*EXERCISE BRIEF:* From the data below, return only the lines from the one with "Lubexxx Premium Bodyglide" through the one with "Alecto Babyfoon DVM-76 Met Camera", exact and inclusive, with pictures left out.

*ENTRIES PROVIDED:*
▬▬▬▬▬▬
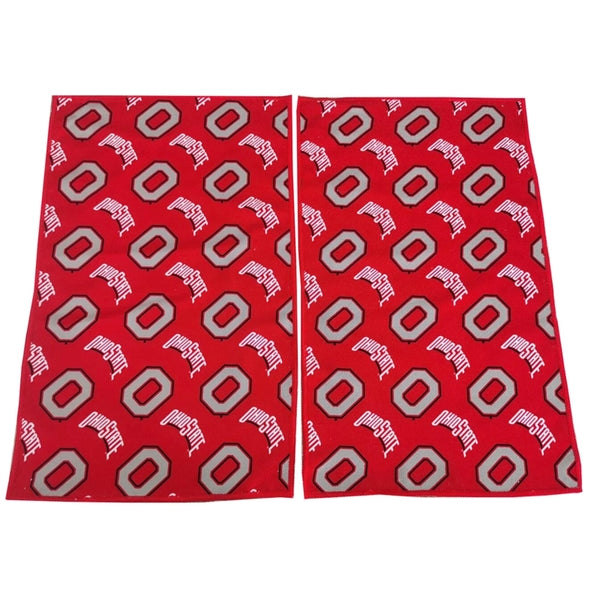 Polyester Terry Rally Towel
▬▬▬▬▬▬
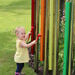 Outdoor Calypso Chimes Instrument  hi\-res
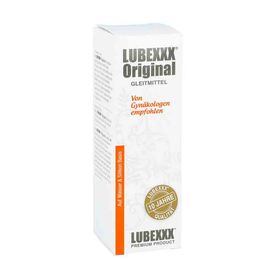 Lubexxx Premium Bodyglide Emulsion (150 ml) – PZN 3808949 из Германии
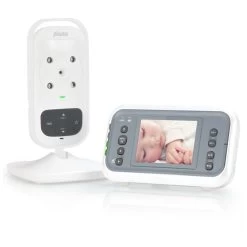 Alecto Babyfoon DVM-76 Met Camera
▬▬▬▬▬▬
*TASK SOLUTION:*
 Lubexxx Premium Bodyglide Emulsion (150 ml) – PZN 3808949 из Германии
 Alecto Babyfoon DVM-76 Met Camera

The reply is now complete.